Dkt. No. 1. She titled it an “emergency” petition, and cited 28 U.S.C. §2254. Id. at 1. She seeks her immediate and unconditional release from custody and an order declaring the judgment in the Ozaukee County criminal case to be null and void and to violate the Constitution. Id. at 15. The state docket reflects that on February 12, 2026, the Wisconsin Supreme Court denied “Def’s Writ and all other requests for relief – doc for review to the Court.” Yang, Ozaukee County Circuit Court Case No. 2024CF31. http://wcca.wicourts.gov.Id.

B. Petition (Dkt. No. 1) The petitioner, who currently is incarcerated at Taycheedah Correctional Institution and is representing herself, has named as respondents the Warden of Taycheedah, the Sheriff of Racine County, the clerk of the Wisconsin Supreme Court and the state-court judge who presided over her trial, as well as ninety-nine John Doe respondents. Dkt. No. 1 at 1-2. She argues that she has been imprisoned for a “non-existent crime”: “slander of title.” Id. According to the petitioner, an essential element of “slander of title” under Wis. Stat.

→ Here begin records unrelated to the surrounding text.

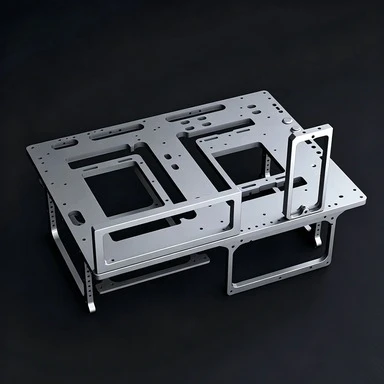 Open Frame Computer Case Aluminum ATX MATX ITX Holder Support Water Cooling Large GPU Gaming Rig Clear Side Panel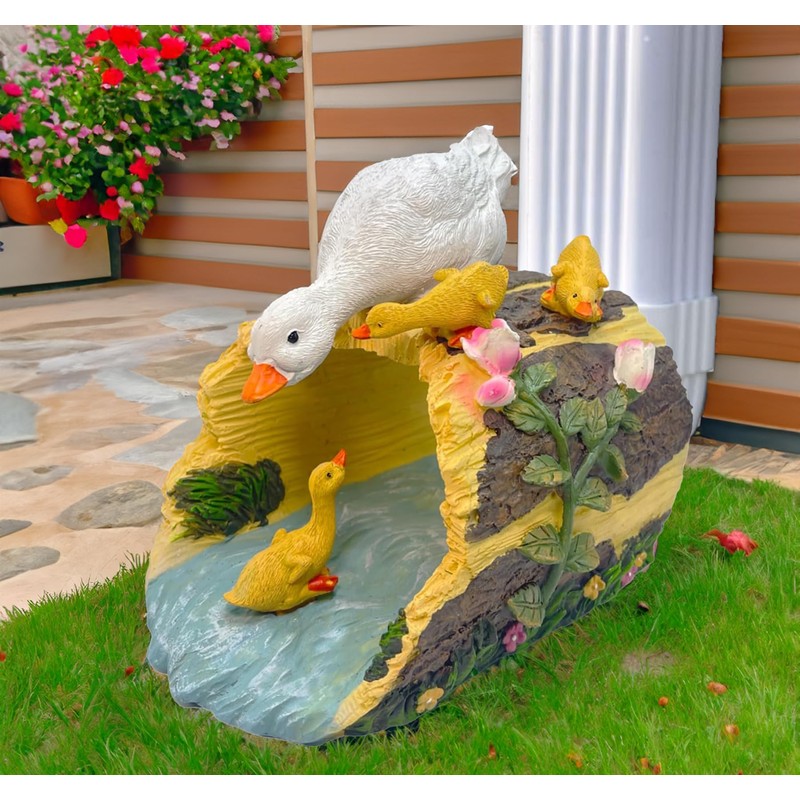 Euiroet Eco-Friendly Duck Statue - Outdoor Decor Sculpture, Garden Animal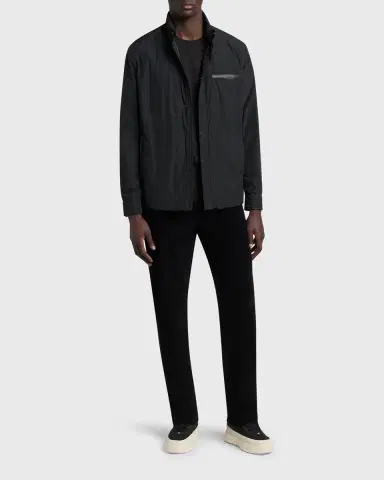 Moncler Men's Snap-Front Down Jacket | Thumbnail 2 Moncler Men's Snap-Front Down Jacket | Thumbnail 2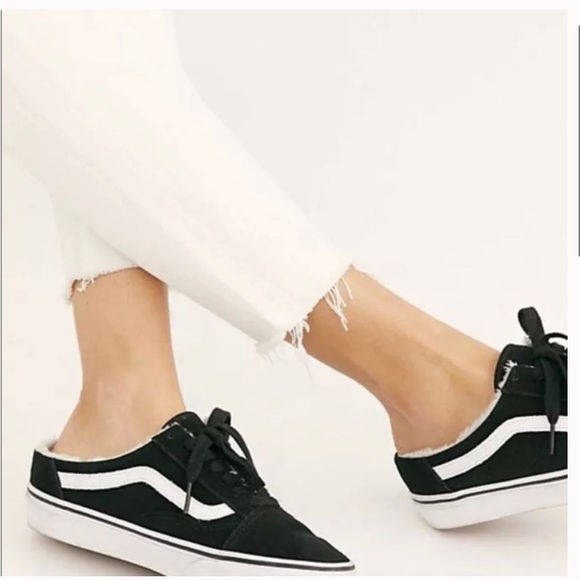vans old skool sherpa mule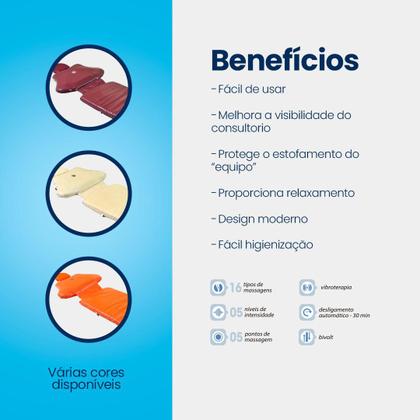 Imagem de Esteira Odontoflex Massageadora Odontológica Para Dentista Azul Claro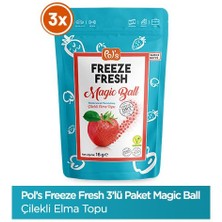 Pol's Freeze Fresh Magic Ball Çilekli Elma Topu 16 gr X3 Adet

§943.60 is the “existence of a valid property interest that was slandered.” Id. at 2-3. She asserts that her prosecution was predicated on a sheriff’s deed, but that the evidence at the state trial showed that the sheriff’s deed “was created using a Wisconsin Real Estate Transfer Return bearing the forged signature of Petitioner’s husband,” and that her husband swore an affidavit that he “never signed the document and never owned the property.” Id. at 3. The petitioner argues that because the title was a “nullity,” she was “convicted of slandering something that did not legally exist,” and that “[t]he conduct for which she was

convicted was not, and could never be, a crime under Wisconsin law.” Id. The petitioner asserts that the conviction is the “final act in a multi-year, multi-agency campaign designed to destroy Petitioner and seize her assets after a two-year DFI investigation found no evidence of wrongdoing.” Id.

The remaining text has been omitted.